§ THE DATA:
>>>

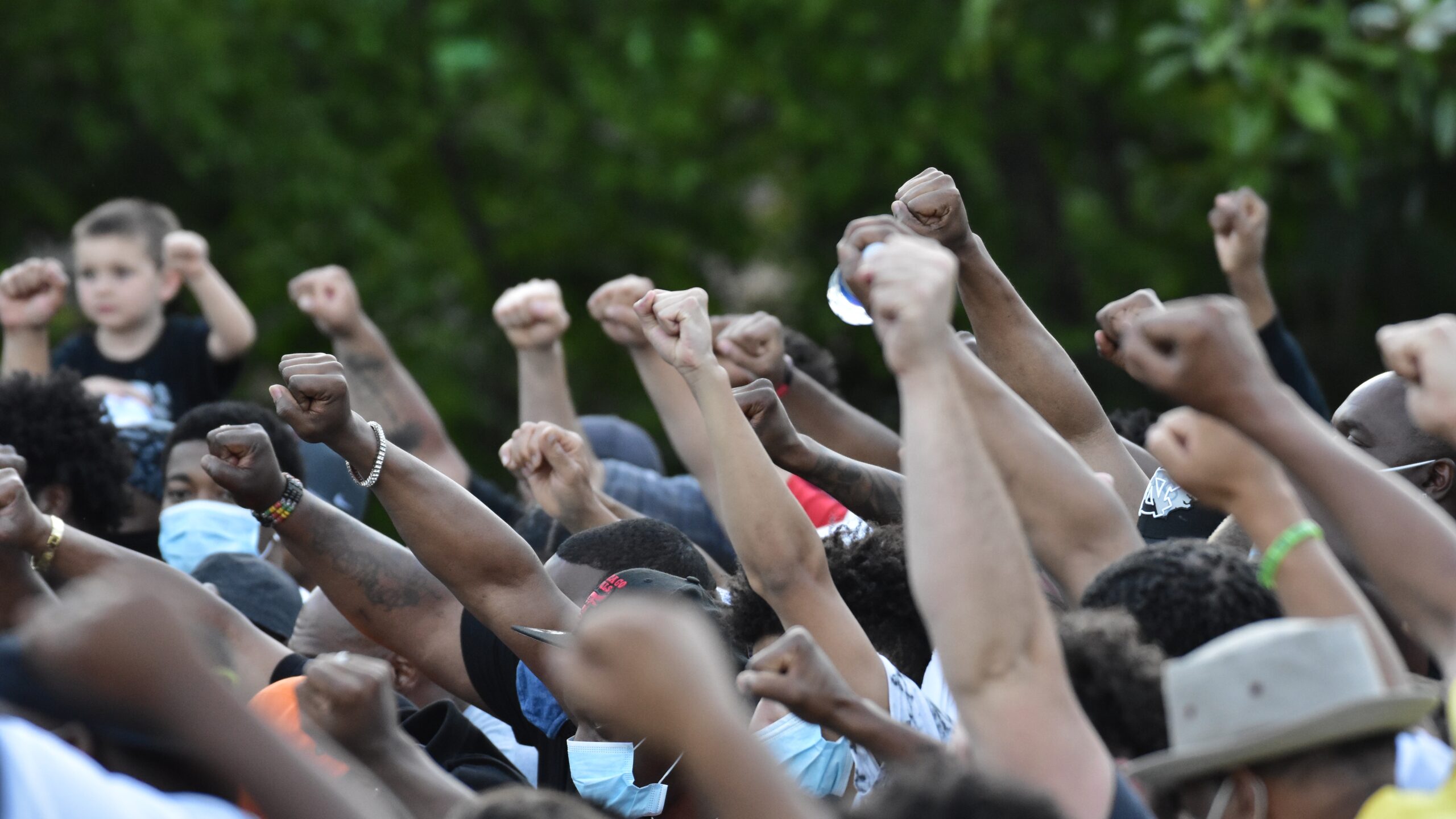 Image of a crowd holding their fist up.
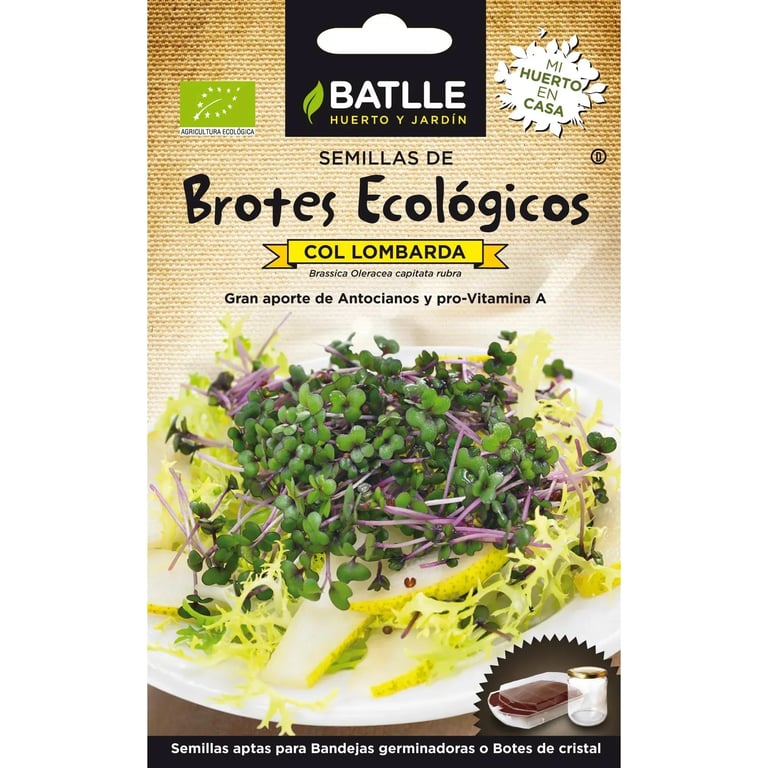 Pousses Chou Rouge Germer Bio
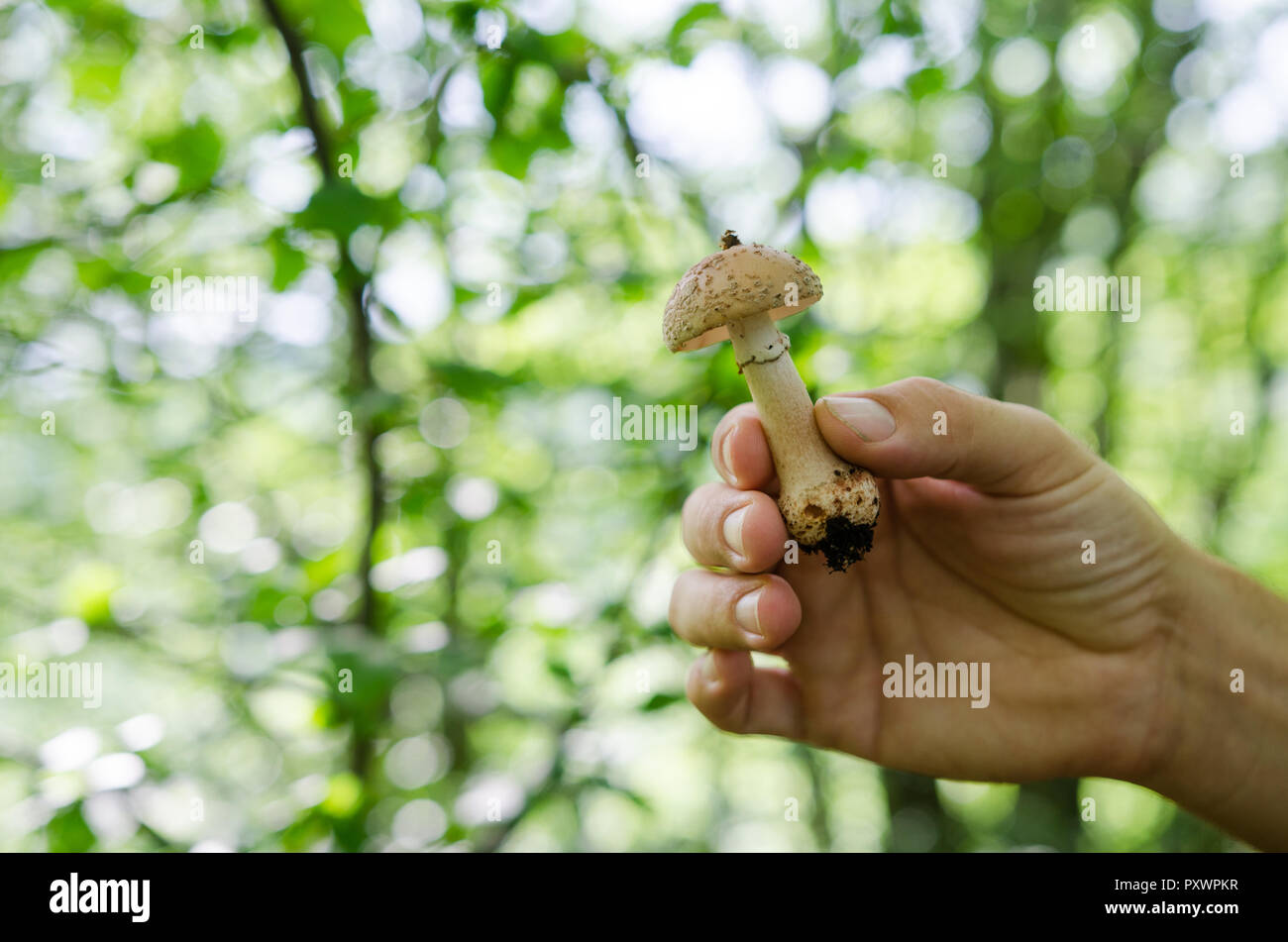 Uomo che tiene nelle sue mani i funghi - autunno scena dall'Europa Foto Stock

<<<

§ WHAT IS BEING ASKED: For this exercise, transcribe the data exactly but without its pictures.

§ WRITTEN REPLY:
 Image of a crowd holding their fist up.
 Pousses Chou Rouge Germer Bio
 Uomo che tiene nelle sue mani i funghi - autunno scena dall'Europa Foto Stock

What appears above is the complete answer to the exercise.